Bergamo: il monastero di Astino
Nella piccola valle di Astino, circondata dai boschi dell’Allegrezza e dal colle della Benaglia e collegata a Bergamo da una strada che arriva fino alla Valle San Martino, si trova il Monastero di Astino, uno dei più belli e forse dimenticati della provincia lombarda.
La sua storia comincia nel 1070, quando un gruppo di monaci valleombrosani, guidati dall’abate Bertario, venne inviato a Bergamo con lo scopo di fondare un nuovo monastero nella signoria di Giovanni Gualberto dei Bisdomini.
In pochi anni, riuscirono a conquistarsi la fiducia dei bergamaschi, tanto che nel 1107 poterono iniziare i lavori per la fondazione del monastero, su di un appezzamento di terreno donato loro da Gualberto stesso.
Come primi edifici del complesso religioso, vennero erette la chiesa del Santo Sepolcro e un’abbazia, che venne governata da Bertario fino alla morte, che avvenne nel 1128.
Dopo un breve periodo d’incertezza, il monastero fu governato da una serie di abati molto abili ed esperti, che in poco tempo riuscirono a creare una fitta rete di donazioni, che permisero al monastero di sopravvivere dal punto di vista economico, oltre che ad ampliare la struttura del complesso con una serie di edifici che riunivano vari stili dell’epoca, dal gotico al romanico.
Uno dei donatori più importanti fu proprio il comune di Bergamo, grandissimo alleato e amico dal successore di Bertario, Maifredo da Asti, fondatore dell’Ospedale del Santo Sepolcro di Astino e di un’istituzione di beneficenza a favore dei carcerati e poveri della città lombarda.
Anche dopo la morte di Maifredo, i bergamaschi continuarono a sostenere, con doni e offerte economiche, i monaci del monastero e nel 1305 venne fondata la Congregazione della Misericordia Maggiore, che faceva capo all’Ospedale del Santo Sepolcro.
Verso la prima metà del Quattrocento, il monastero divenne una commenda, poi fece parte dei domini della repubblica di Venezia, e fino alla fine del Seicento venne continuamente ampliato e restaurato.
Dopo una pestilenza, il complesso religioso attraversò una lunga fase di decadenza, che terminò nel 1797, quando fu abolito per ordine di Napoleone Bonaparte.
Nell’Ottocento il monastero divenne un ospedale psichiatrico, poi destinato ad attività agricola e solo nel 2012, con la conversione in una scuola di alta specializzazione post universitaria, è tornato agli antichi splendori.

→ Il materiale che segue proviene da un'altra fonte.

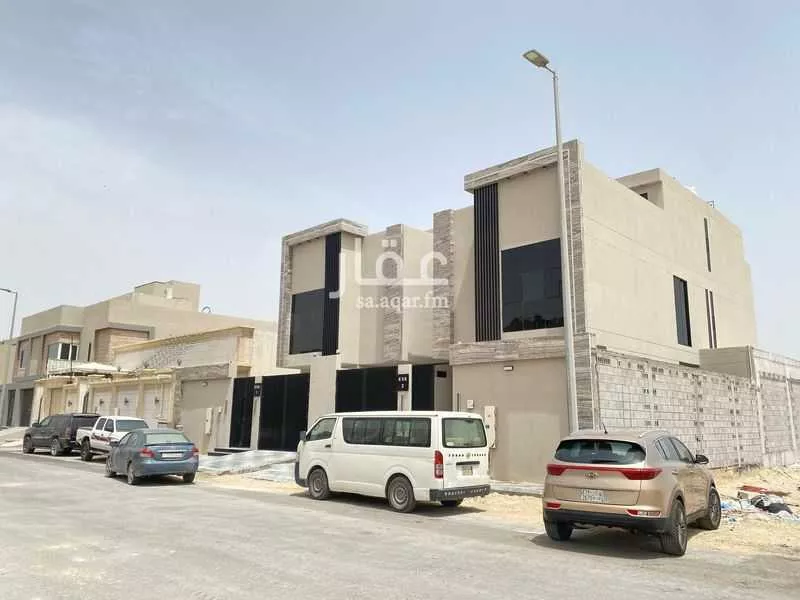 10 bedroom villa in Dahiat King Fahd 2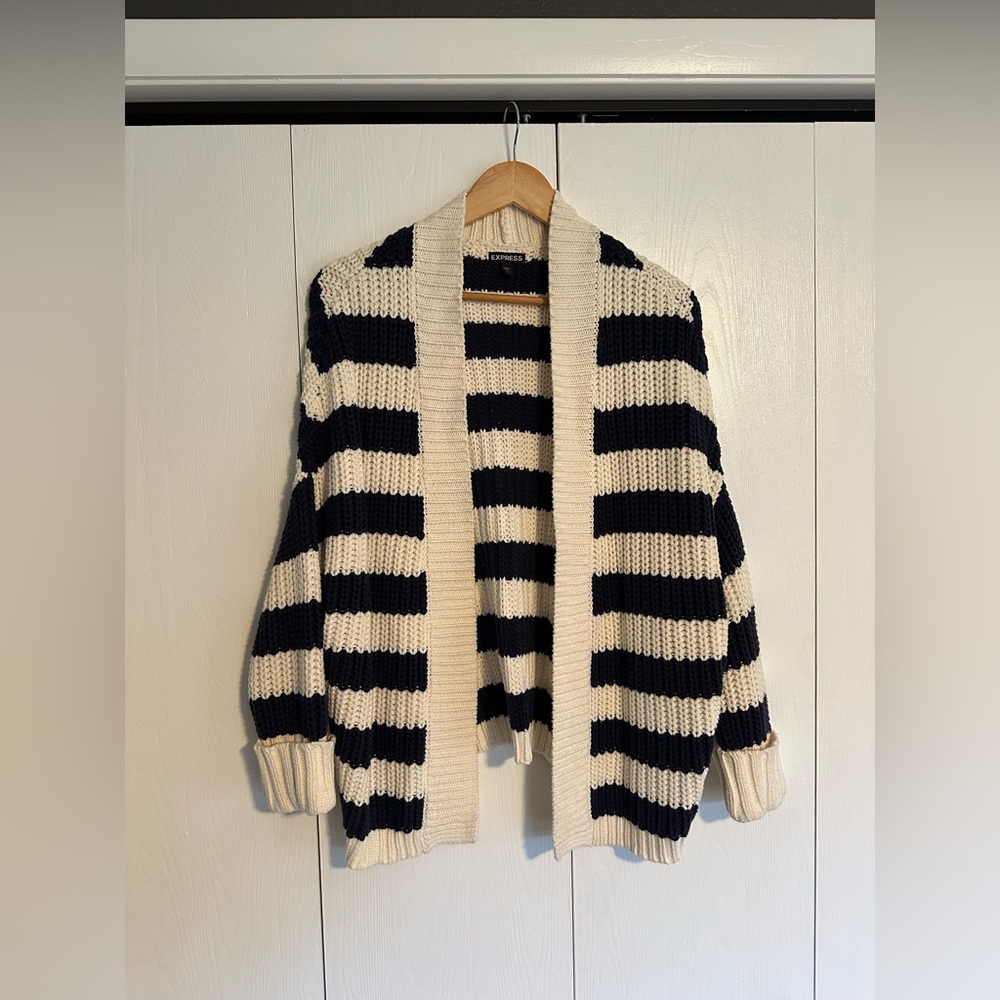 Express Striped Navy Blue and Cream Women's Open-Front Sweater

Il cuore del monastero è la chiesa del Santo Sepolcro, che venne consacrata alla fine del 1117, alla presenza del vescovo di Bergamo.
Dalla pianta a croce comissa e con una navata unica, che s’inserisce a T nel transetto, la chiesa ha un altare maggiore risalente al Rinascimento, con al suo fianco gli altari degli Evangelisti e di San Martino, risalenti al 1140, mentre dietro è posto il settecentesco coro ligneo.
Sul lato sinistro della navata, ci sono la cappella del Santo Sepolcro e quella di san Giovanni Gualberto, il fondatore della Congregazione Vallombrosana, mentre sul lato destro è la cappella della Vergine del Rosario.
La facciata della chiesa, divisa da lesene, ha, in due nicchie, le statue di San Benedetto e san Giovanni Gualberto, mentre, accanto, è presente un delizioso chiostro in stile rinascimentale.
Sulla parte orientale del monastero c’è una cappella che fu eretta nel 1239 per ospitare il beato Guala de Roniis, vescovo di Brescia, poi decorata nel Seicento da Francesco Zucco.